I want to get all values that has duplicate from multiple List of Integers. The confusing part is these list of Integers are inside a Map of Map like this LinkedHashMap<String, LinkedHashMap<String, List>> streams

// sample value
{
    break_desc100=
    {
        bDesc_1000=[62, 72, 82, 92, 102, 112, 122], 
        bDesc 1001=[180, 190, 200, 210, 220, 230, 240], 
        cMessage_1000=[112], 
        cMessage_1001=[232]
    }
}
// for this one I want to get 112

So far I tried using retainAll but my code doesn't work if the list with duplicate are not next to each other.

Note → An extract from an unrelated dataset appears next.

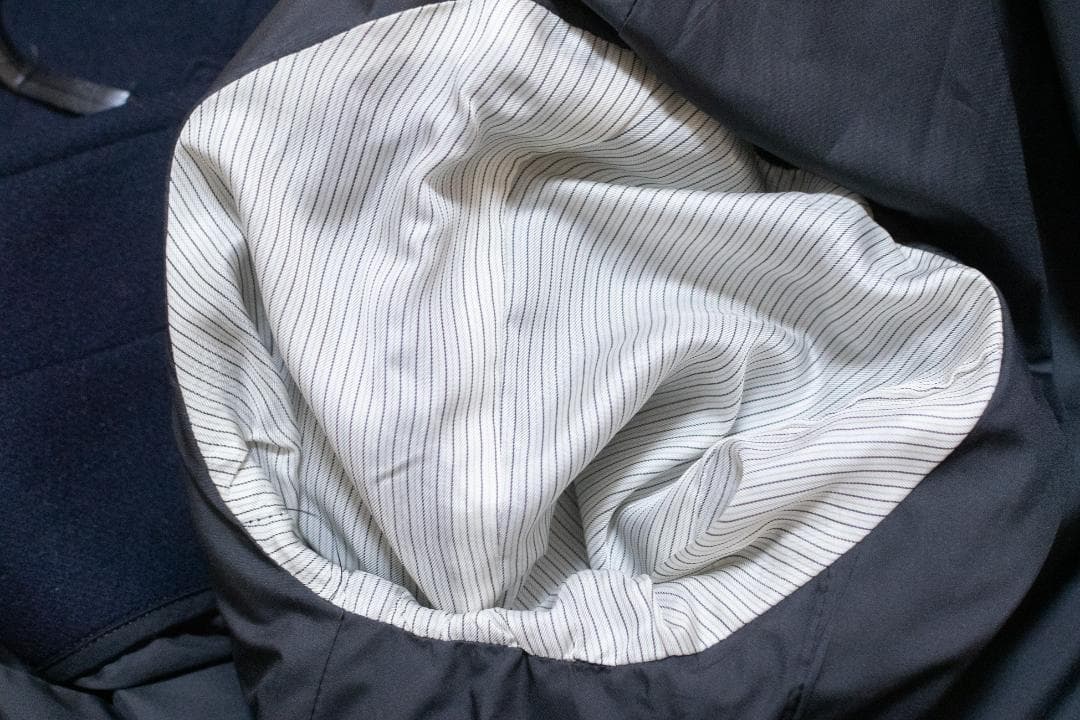 【 Ships 】super140ウール ダッフルコート ネイビー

for (Map.Entry<String,LinkedHashMap<String,List<Integer>>> entry : streams.entrySet()) {
     String currentStream = entry.getKey();
     LinkedHashMap<String,List<Integer>> bDescList = entry.getValue();
     for (Map.Entry<String,List<Integer>> bDesc : bDescList.entrySet()) {
          if (firstIteration) {
              prevBDesc = bDesc;
              firstIteration = false;
          } else {
              List<Integer> currentList = prevBDesc.getValue();
              List<Integer> nextList = bDesc.getValue();
              duplicates = new ArrayList<Integer>(currentList);
              duplicates.retainAll(nextList);
              allDuplicates.addAll(duplicates); //Set<Integer>
              prevBDesc = bDesc;
          }
     }
}

EDIT: Sorry guys I forgot to add that it is running on Java 1.5.


Solution

  • This seems like a suitable task for streams:

    Map<Integer, Long> counts = streams.values().stream()
           .flatMap(bDescList -> bDescList.values().stream())
           .flatMap(nextList -> nextList.stream())
           .collect(Collectors.groupingBy(
                    Function.identity(), 
                    Collectors.counting()));
    
    counts.values().removeIf(c -> c == 1L);
    
    Set<Integer> duplicates = counts.keySet();
    

    This code first creates a map of counts. For this, it first streams the values of the outer map and then uses Stream.flatMap to create a new stream with the values of all the inner maps. As these values are actually lists, we need to use Stream.flatMap again, to finally get a stream of Integer. (I've kept the variable names from your question).

    We collect to a map of counts, where the keys are the numbers from all the inner maps' list values, and the values are the counts for each one of these numbers, accross all maps and lists.

    Then, we remove all entries from the counts map that have a value of 1. The remaining keys are the duplicate numbers.


    EDIT: Here's the equivalent code in Java 5... 😨😨😨

    Map<Integer, Long> counts = new HashMap<Integer, Long>();
    
    for (Map<String, List<Integer>> bDescList : streams.values()) {
        for (List<Integer> bDesc : bDescList.values()) {
            for (Integer n : bDesc) {
                Long c = counts.get(n);
                if (c == null) {
                    c = 0L;
                }
                counts.put(n, c + 1);
            }
        }
    }
    
    Iterator<Long> it = counts.values().iterator();
    while (it.hasNext()) {
        Long c = it.next();
        if (c == 1L) {
            it.remove();
        }
    }
    
    Set<Integer> duplicates = counts.keySet();
    

    The rationale is exactly the same here... We create a map of counts by iterating the map of maps of lists, then we remove entries with a count of 1 and the remaining keys are the duplicates.